My Machine Learning Model Is Perfect
Reasons that make ML experts look at your code twice.
Code that needs refactoring
Strange and hard-to-read code is a common reason to elicit refactoring (rewriting). Think of unstructured Spaghetti Code™ without a lot of documentation – or the opposite – too much documentation that you can’t see the forest for the trees anymore. These kind of code issues are called “code smell”. A term that has been widely adopted after 1999 when the book “Refactoring: Improving the Design of Existing Code” by Martin Fowler was published. Its essence, refactoring is applying a series of small behavior-preserving transformations with the cumulative effect of “reducing the risk of introducing errors”.
Some smells are easy to spot, some subtler and more insidious than others.

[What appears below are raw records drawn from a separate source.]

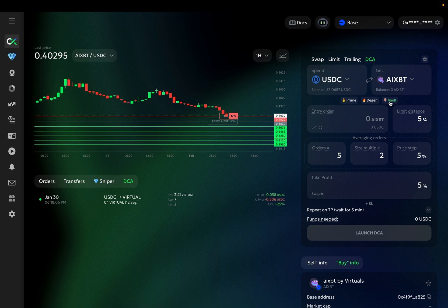However, we do not recommend using these setups blindly. Instead, use them as a foundation for creating your own setup. Customize it according to the specific token's volatility, your risk attitude, and the market situation.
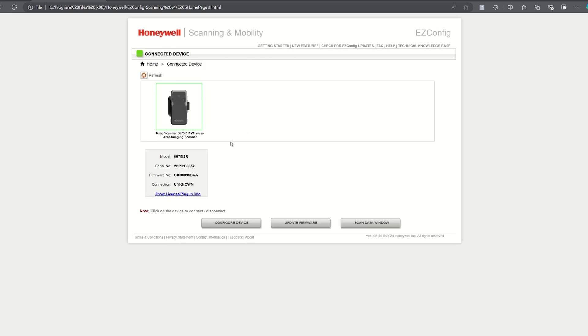Once the 8675i has successfully connected with EZConfig you will see a green box around the 8675i.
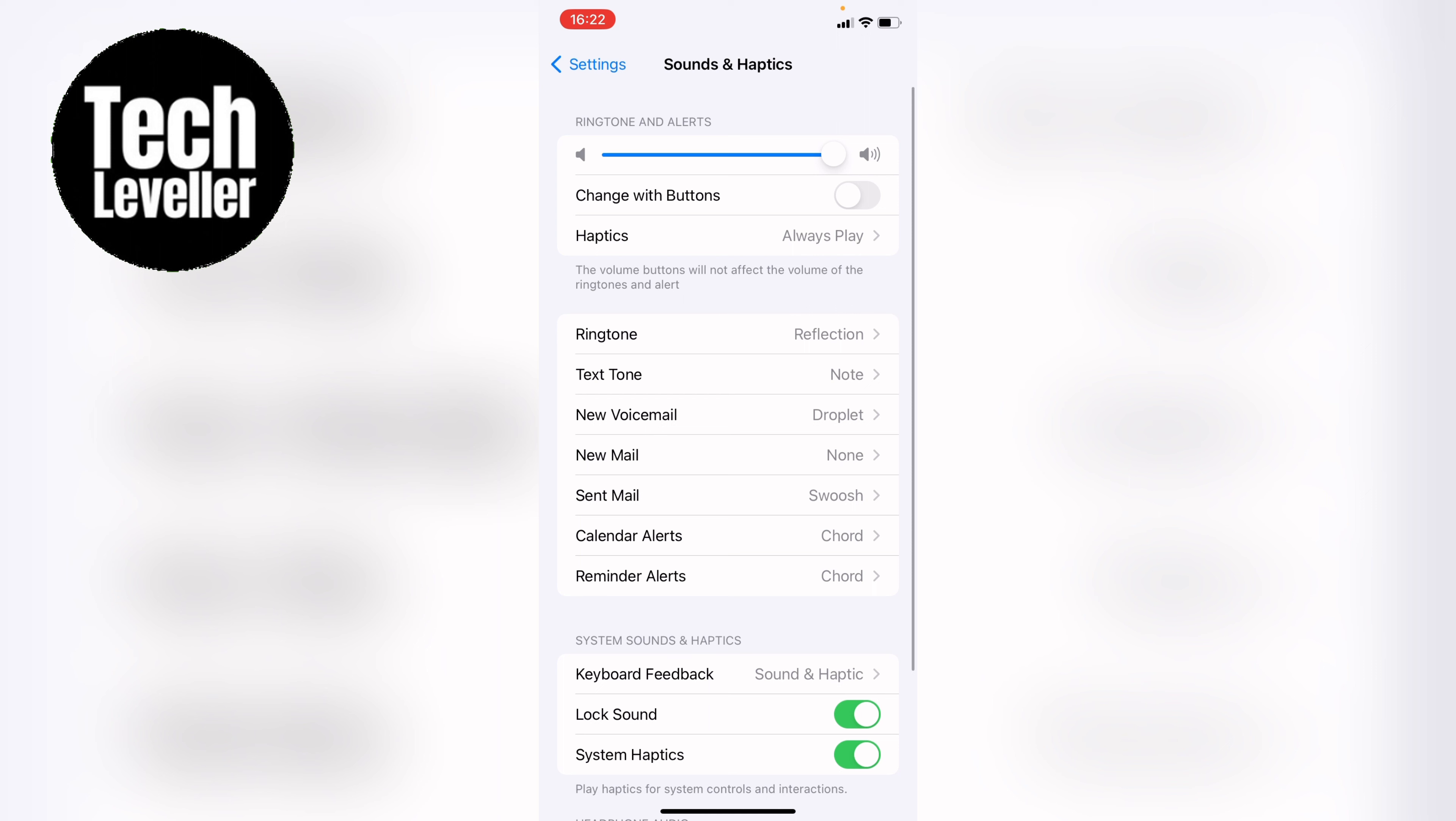Here at the very top of Sounds and Haptics, you'll see Ringtone and Alerts, and this slider at the very top controls both the ringtone and alerts. You want to swipe this to your volume of choice.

While these problems and signs may not be detrimental by themselves, they warrant a closer look. You may have seen some of them before:
- Unnecessary complexity (a.k.a. showing off).
- Functions with too many arguments, indicating “God functions” without partitioning into helper-functions.

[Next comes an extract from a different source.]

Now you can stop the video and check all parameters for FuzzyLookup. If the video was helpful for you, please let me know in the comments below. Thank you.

- Runaway function length across the screen making it hard to read.
- Excessive commenting making it hard to distinguish code from non-code.

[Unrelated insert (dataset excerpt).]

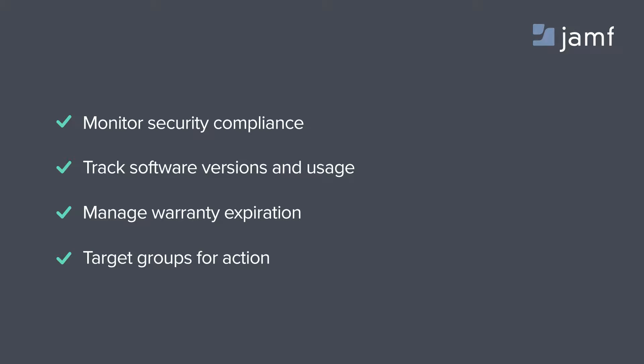Once you have the data you need, you can leverage smart groups to help you keep track of all your inventory, including security compliance, software version currency, and warranty expiration.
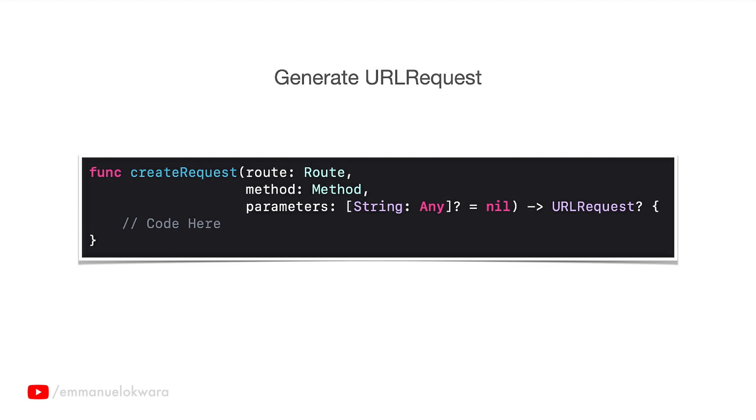Then the third parameter is parameters, and this is a dictionary of string and any and is actually optional, so you could decide not to pass any value. Basically what that is, is in case you want to make a request and add some extra information. For example, you wanted to do like a login and you want to append the email and the password to the request body.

- Duplicated code - That’s where the principle Don’t Repeat Yourself (DRY) comes from.
Have a look at the full list of code smells and their description on Wikipedia and what Anupam Chugh discusses in his TowardsDataScience post “5 Python Code Smells You Should Be Wary Of”.
Breakout: Who has the smelliest code?
At the time of writing this, Google Search users from Washington state were the most interested in code smells or at least ranking very highly. Check now on Google Trends. Is their code the smelliest of them all? Interest likely correlates with the amount of coders in a state and inevitably there is problematic code among.
What does Machine Learning smell like?
Almost all Machine Learning entails someone writing code. This means the known problems or smells may be emanating from the codebase - regardless if we have written it or someone else put it into a black box for us to call. Machine Learning models are traditional functions but are mathematically adhering to different paradigms: a function that relates sample value X to some target value y. While all the functions of a comprehensive ML/DL library such as PyTorch, TensorFlow, and Scikit-learn are hopefully optimized and free of code smells under the hood, a project involves more than just a single algorithm that’s invoked in a single function. The workflow of invoking the library’s functions bespoke to our project’s needs is a “metamodel” with design complexities of its own.
So what are the “ML smells” that might alert us to deeper problems in our prediction tools?
Dr. Matt Hall recently asked the following question on Twitter and in the geological machine learning community Software Underground he co-founded:
🐽 ML smell is probably not a thing, but maybe it should be. What are the superficial signs of potentially deeper problems in a #machinelearning project?— Matt Hall (@kwinkunks) October 7, 2020
Matt crowdsourced some excellent responses:
Black-box services such as AutoML.
Counterintuitive model weights -> known effects have low feature importance. (Reece Hopkins, Anchorage)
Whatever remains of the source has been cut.